Tuesday’s meeting of the Tripartite Team for Health Protection ended without an agreement. The government wants to postpone wage indexation in the health-care sector, but presented no concrete proposals. Social partners are demanding written commitments.
Another meeting on health-care wages has exposed a deep communication crisis between the government and the medical community. Tuesday was supposed to bring a breakthrough in talks on pay for health-care workers; instead, it revealed the Ministry of Health’s lack of concrete solutions.
Deputy Health Minister Katarzyna Kęcka announced that the ministry would present in January a draft shifting the indexation of minimum wages in health care from July to January. The change would not take effect until 2027, which in practice would mean a six-month “freeze” on pay raises for thousands of workers in the sector.
But the meeting—which was attended not only by Deputy Minister Kęcka, but also by Deputy Finance Minister Hanna Majszczyk—brought no specifics.
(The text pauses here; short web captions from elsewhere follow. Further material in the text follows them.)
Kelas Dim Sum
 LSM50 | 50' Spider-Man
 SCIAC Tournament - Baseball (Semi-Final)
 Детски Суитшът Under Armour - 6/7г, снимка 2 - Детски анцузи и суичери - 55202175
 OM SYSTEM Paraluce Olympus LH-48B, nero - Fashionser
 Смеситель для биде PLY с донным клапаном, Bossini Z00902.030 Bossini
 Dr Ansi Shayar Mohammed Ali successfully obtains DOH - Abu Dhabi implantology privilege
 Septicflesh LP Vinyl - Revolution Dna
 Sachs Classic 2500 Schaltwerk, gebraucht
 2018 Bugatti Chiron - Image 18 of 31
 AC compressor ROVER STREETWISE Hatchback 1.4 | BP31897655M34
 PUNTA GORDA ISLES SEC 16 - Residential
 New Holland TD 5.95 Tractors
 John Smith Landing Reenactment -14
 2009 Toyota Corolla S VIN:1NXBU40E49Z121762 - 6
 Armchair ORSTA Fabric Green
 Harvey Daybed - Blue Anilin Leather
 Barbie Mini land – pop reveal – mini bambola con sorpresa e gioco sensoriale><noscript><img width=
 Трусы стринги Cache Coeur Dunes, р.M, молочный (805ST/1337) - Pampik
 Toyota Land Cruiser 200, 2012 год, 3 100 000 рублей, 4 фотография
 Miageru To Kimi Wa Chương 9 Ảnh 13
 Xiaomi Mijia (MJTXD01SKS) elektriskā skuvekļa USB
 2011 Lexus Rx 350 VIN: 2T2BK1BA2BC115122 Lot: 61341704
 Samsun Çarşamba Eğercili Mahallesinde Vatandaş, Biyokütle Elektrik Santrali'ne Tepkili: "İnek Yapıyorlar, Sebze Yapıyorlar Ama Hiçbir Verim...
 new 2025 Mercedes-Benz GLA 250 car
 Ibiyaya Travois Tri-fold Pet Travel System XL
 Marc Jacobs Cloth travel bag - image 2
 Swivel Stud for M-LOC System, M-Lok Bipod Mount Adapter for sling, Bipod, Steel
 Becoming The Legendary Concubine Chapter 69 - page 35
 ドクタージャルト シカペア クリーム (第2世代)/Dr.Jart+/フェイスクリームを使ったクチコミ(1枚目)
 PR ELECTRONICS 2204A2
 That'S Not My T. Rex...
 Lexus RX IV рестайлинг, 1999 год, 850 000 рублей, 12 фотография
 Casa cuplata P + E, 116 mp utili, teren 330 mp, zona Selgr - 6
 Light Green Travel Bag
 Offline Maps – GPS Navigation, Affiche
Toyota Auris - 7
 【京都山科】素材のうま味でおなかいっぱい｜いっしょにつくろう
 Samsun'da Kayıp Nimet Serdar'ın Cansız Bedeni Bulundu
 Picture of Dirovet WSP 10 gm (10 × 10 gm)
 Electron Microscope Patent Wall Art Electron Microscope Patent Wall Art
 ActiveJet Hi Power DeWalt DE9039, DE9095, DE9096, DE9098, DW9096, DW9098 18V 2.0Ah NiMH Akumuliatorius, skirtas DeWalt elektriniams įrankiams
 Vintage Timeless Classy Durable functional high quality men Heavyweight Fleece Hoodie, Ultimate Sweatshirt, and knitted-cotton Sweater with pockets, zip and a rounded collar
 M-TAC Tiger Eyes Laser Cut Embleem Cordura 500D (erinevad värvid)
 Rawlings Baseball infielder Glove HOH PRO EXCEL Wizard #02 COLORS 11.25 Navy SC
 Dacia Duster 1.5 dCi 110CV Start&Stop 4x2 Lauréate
Representatives of trade unions and employers unanimously stress that they received no detailed proposals at all.
No specifics. “Not a single proposal”
Wojciech Wiśniewski from the Federation of Polish Entrepreneurs, co-chair of the team, did not mince words in his assessment of the meeting. “It ended without any specifics,” he emphasized, adding that neither employers nor unions accept a situation where ministry proposals are attributed to them without prior agreement. Maria Ochman, head of the National Secretariat for Health Care of the NSZZ “Solidarity”, went even further. “The government side presented no proposal whatsoever regarding minimum wages or contracts,” she noted.
The Ministry of Health pledged to submit its position in writing. This is a response to the clear demands of the social partners, who want concrete proposals rather than vague declarations.
Health-care system in collapse
The deadlock in wage negotiations is yet another warning sign for a system already facing severe problems. With hospitals struggling with staff shortages and patients facing lengthening queues, failure to reach an agreement on wages may deepen the crisis in health care. It is already enormous—for example, the hospital in Ostrołęka switched on December 1 to “emergency mode”, limiting services to life-saving care and urgent hospitalizations.
The dire state of the health-care system is expected to be one of the topics discussed at the meeting of ruling-coalition leaders.